WHAT YOU HAVE TO DO
Could you return every record below word for word, leaving out the pictures?

Source records:
▼▼▼

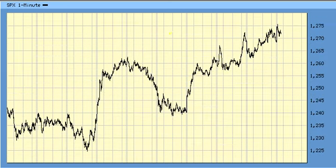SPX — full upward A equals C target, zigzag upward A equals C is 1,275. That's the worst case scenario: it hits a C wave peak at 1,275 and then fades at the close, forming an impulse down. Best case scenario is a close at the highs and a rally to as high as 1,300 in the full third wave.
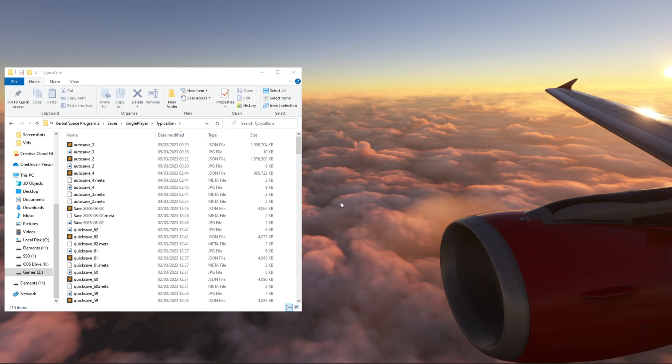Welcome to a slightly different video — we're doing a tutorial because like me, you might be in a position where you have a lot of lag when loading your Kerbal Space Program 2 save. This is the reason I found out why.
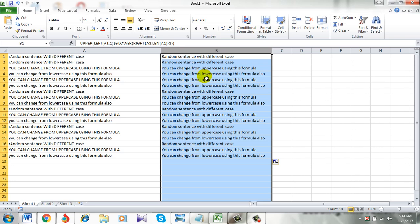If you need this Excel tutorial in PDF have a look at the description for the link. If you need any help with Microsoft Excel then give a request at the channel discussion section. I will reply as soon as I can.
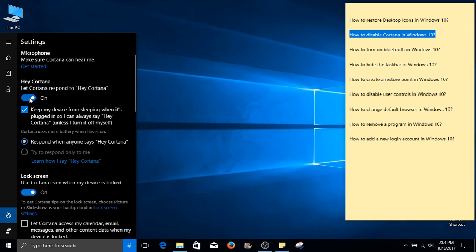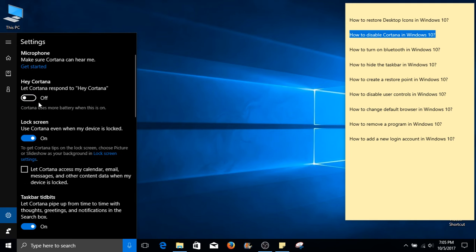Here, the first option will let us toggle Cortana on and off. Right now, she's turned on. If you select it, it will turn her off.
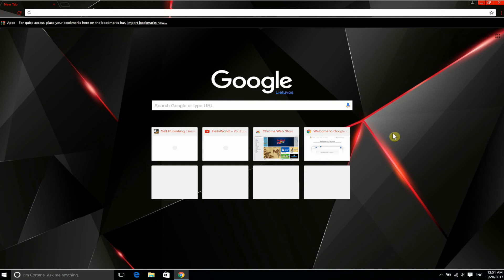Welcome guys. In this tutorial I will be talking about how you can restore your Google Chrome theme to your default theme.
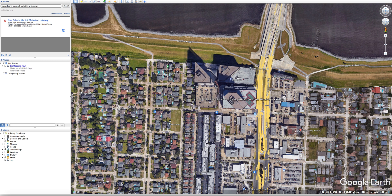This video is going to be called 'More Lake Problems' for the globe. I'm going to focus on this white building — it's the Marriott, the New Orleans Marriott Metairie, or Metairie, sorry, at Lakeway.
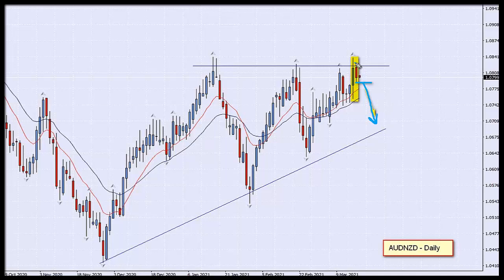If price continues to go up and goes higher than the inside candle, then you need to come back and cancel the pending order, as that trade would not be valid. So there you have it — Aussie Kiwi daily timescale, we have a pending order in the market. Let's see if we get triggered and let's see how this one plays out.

▲▲▲

YOUR RESPONSE
SPX — full upward A equals C target, zigzag upward A equals C is 1,275. That's the worst case scenario: it hits a C wave peak at 1,275 and then fades at the close, forming an impulse down. Best case scenario is a close at the highs and a rally to as high as 1,300 in the full third wave.
Welcome to a slightly different video — we're doing a tutorial because like me, you might be in a position where you have a lot of lag when loading your Kerbal Space Program 2 save. This is the reason I found out why.
If you need this Excel tutorial in PDF have a look at the description for the link. If you need any help with Microsoft Excel then give a request at the channel discussion section. I will reply as soon as I can.
Here, the first option will let us toggle Cortana on and off. Right now, she's turned on. If you select it, it will turn her off.
Welcome guys. In this tutorial I will be talking about how you can restore your Google Chrome theme to your default theme.
This video is going to be called 'More Lake Problems' for the globe. I'm going to focus on this white building — it's the Marriott, the New Orleans Marriott Metairie, or Metairie, sorry, at Lakeway.
If price continues to go up and goes higher than the inside candle, then you need to come back and cancel the pending order, as that trade would not be valid. So there you have it — Aussie Kiwi daily timescale, we have a pending order in the market. Let's see if we get triggered and let's see how this one plays out.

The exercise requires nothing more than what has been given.